*** Block opens ***

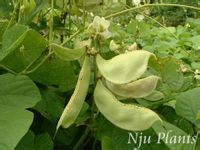 扁豆-植物源生态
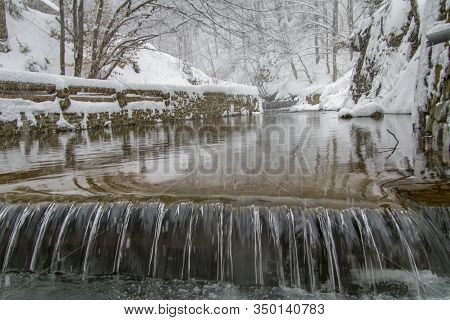 Alpine River In The Village Of Lumshory In The Home Zakarpattia Region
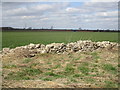 Drystone wall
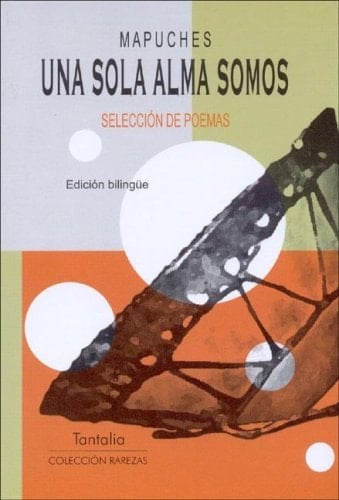 Una Sola Alma Somos (Spanish Edition)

*** Block closes ***

Problem to solve >>
Could the material above be written out again word for word, with the pictures dropped?

Task solution >>
 扁豆-植物源生态
 Alpine River In The Village Of Lumshory In The Home Zakarpattia Region
 Drystone wall
 Una Sola Alma Somos (Spanish Edition)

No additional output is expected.